Intel’s Comet Lake-S Rumored to Pack 10 Cores, Debut on 14nm

Intel’s Comet Lake-S Rumored to Pack 10 Cores, Debut on 14nm

In the wake of Intel’s latest Core i9-9900K launch, there have been questions about just where the CPU market would go from here. As things stand, both AMD and Intel have rolled out eight-core/16-thread chips at the top of the desktop market. Both companies are working on die shrinks and architectural improvements for their next round of products, but AMD’s 7nm Epyc demonstrations at New Horizons showed that the company has kept the same number of cores per die that it deployed with first round of 14nm hardware: Eight cores per chiplet, possibly split into two CCXs of four cores each (though this point is unconfirmed). Now, however, there are rumors that Intel might try to bump core counts northward again, with a 10-core part supposedly debuting on a 14nm Comet Lake-S CPU in 2019 with a dual ring bus.

I want to make it clear that this rumor, sourced from a Taiwanese forum, should be taken with a huge pile of salt. Intel has used a dual ring bus for its high-end Xeons before, typically in configurations like the below. More recently, it has shifted to a mesh network for its high-end multi-core CPUs. Coffee Lake currently uses a single ring bus interconnect. Moving to a dual ring bus for a 10-core chip as opposed to a mesh network would imply Intel is creating some differentiation between its Core X/Xeon family of products and its desktop chips.

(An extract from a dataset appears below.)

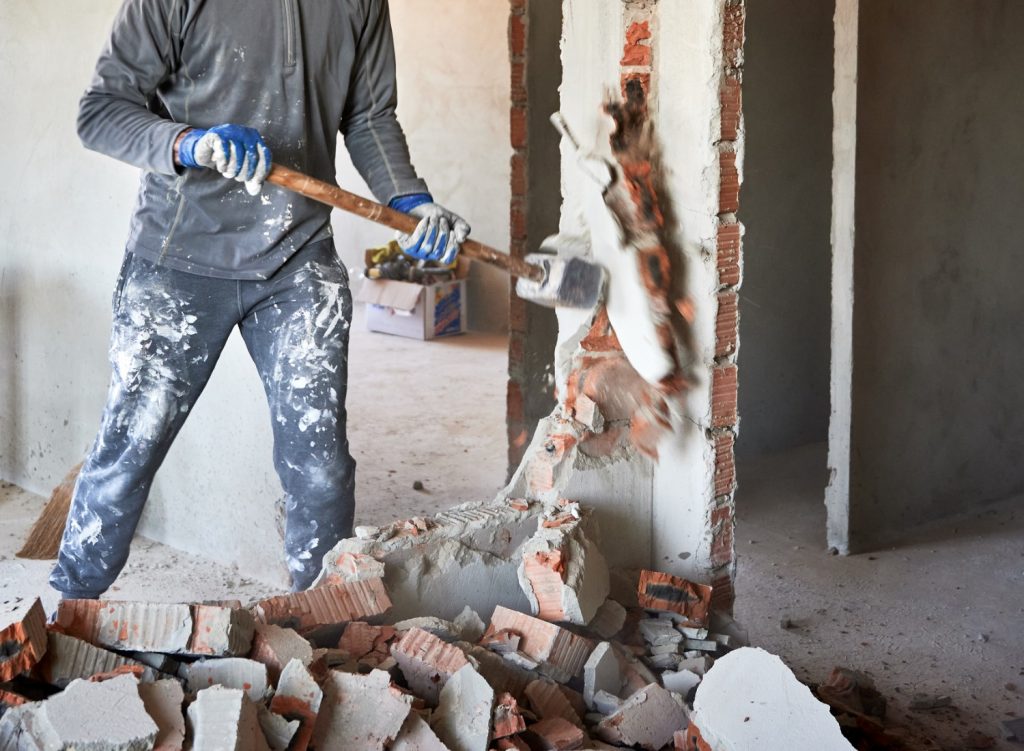 Man demolishing a wall with a sledgehammer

Other aspects of these CPUs remain entirely unknown, including any question of architectural enhancements or additional hardware fixes for the speculative execution issues that continue to surface.

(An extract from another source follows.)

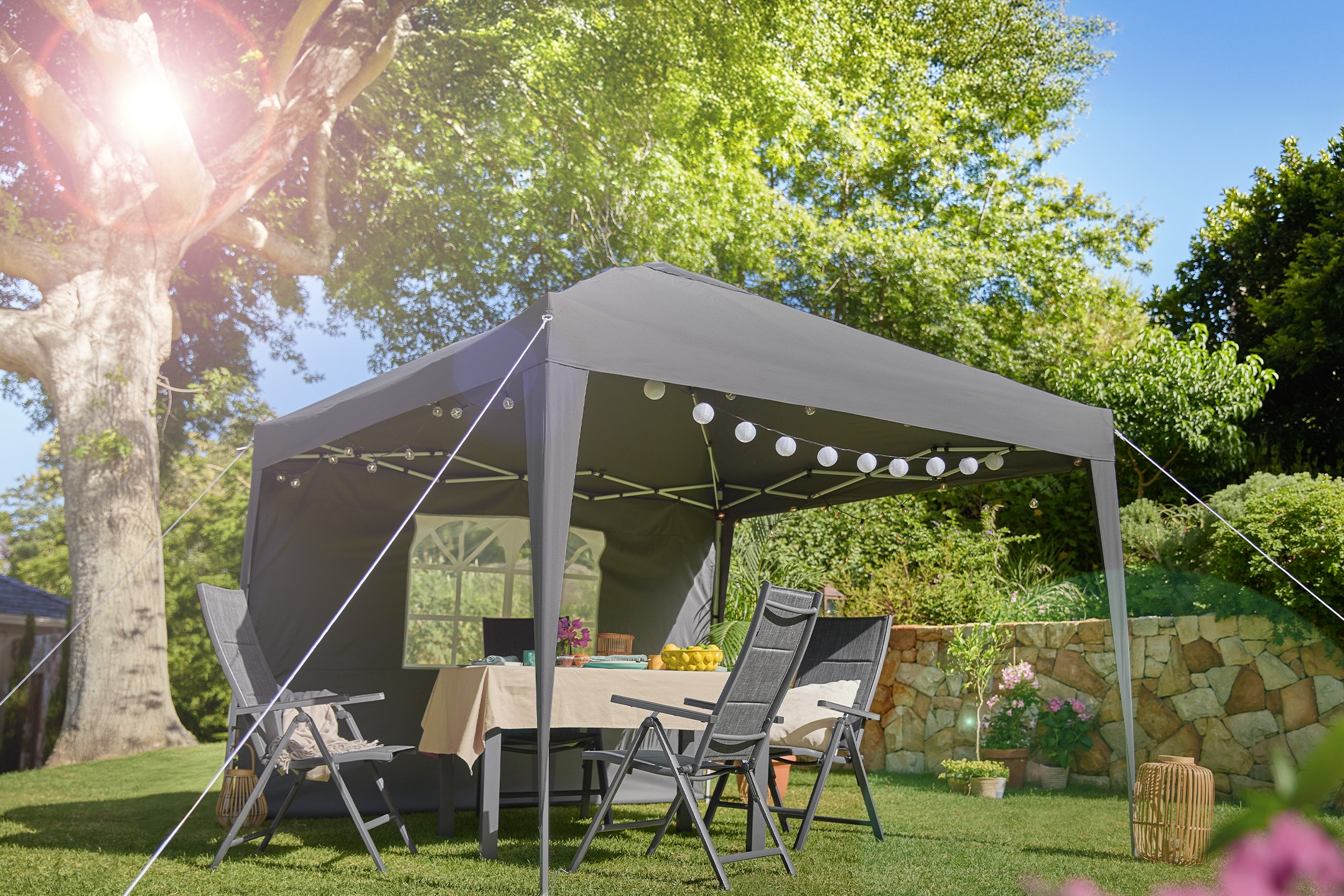 Graues Gartenpavillon mit Tisch und Stühlen, dekoriert mit Lichterketten, in einem sonnigen Garten.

Intel’s Comet Lake-S Rumored to Pack 10 Cores, Debut on 14nm

The larger question, again assuming that this rumor is accurate, is exactly how many cores we’re going to see Intel and AMD try to bring to desktops in the first place. While multi-threaded applications are far more robust than they were 10 years ago, it’s not unusual for standard desktop apps to show relatively little scaling above four cores. Even apps that do scale above four cores/eight threads tend to show diminishing returns for adding new CPUs. There’s also an associated power cost with higher core counts and it’s harder to hit high frequencies. Intel’s Core i9-9900K manages to hit a 5GHz boost clock, but overall power consumption is higher than its predecessors courtesy of the increased core counts.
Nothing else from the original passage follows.